Take ibuprofen with food or milk to reduce stomach upset and avoid overly high blood pressure. If symptoms persist for several days, see your dentist immediately; if they are severe or persistent despite treatment with ibuprofen, visit an ER doctor as soon as possible.

Use ice packs to relieve pain.

Ice packs can help reduce swelling and pain. The American Academy of Pediatric Dentistry recommends using an ice pack wrapped in cloth: apply the ice pack to the affected area for 20 minutes, and then remove it for 10 minutes before reapplying. Repeat this process until your pain subsides.

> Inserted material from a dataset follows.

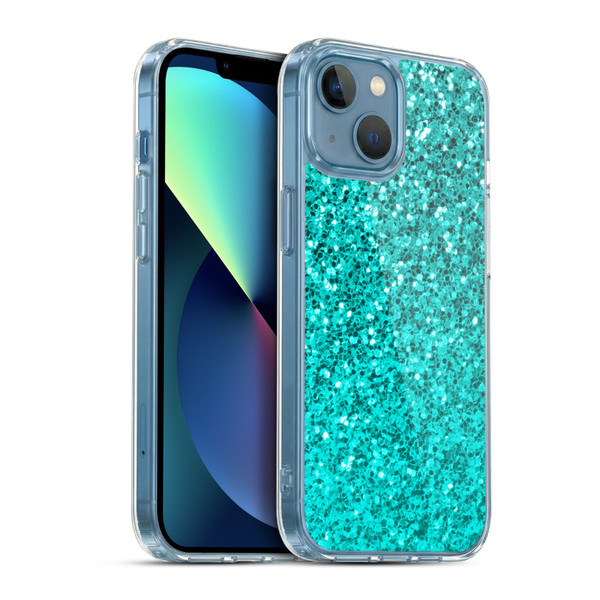 PLdesign Sparkle Prints Aqua Blue Soft Gel Case for Apple iPhone 13 Mini & MagSafe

Apply a cold compress outside your mouth

This is the first step to taking care of any swelling or soreness that may result from an injury or accident. Placing ice on the affected area will reduce swelling and pain, but only if it’s kept at room temperature (about 70 degrees). Using very cold water or ice directly on your skin can cause frostbite and tissue damage, so make sure you use a cloth soaked in ice water instead!

You can take these steps to help reduce the pain and discomfort of a dental emergency at home while you get help from your dentist


  • Rinse your mouth with warm water.
  • Use an over-the-counter pain reliever like aspirin or ibuprofen, if you have it.
  • If the object is sharp and sticking out of your gums or cheek, you can use a pair of tweezers to pull it out gently. Remember that the harder you pull, the more painful it will be.
  • If there’s a lot of swelling in your mouth, try to keep food and drink down to reduce swelling even further.


Get professional help

If you’re dealing with a dental emergency, it’s important to know when to seek professional help. If you can’t control the bleeding yourself, or it feels like your tooth is loose in your mouth, call the dentist’s office for advice on what to do next. If you need an emergency sedation dentist, consider consulting our directory.

If you’ve lost more than just a few teeth (or if it looks like several are loose), check our directory immediately. Many professionals are available 24/7 to assist you. If it’s an extreme case, it should be dealt with by professionals as soon as possible. You don’t want any further complications because of improper care!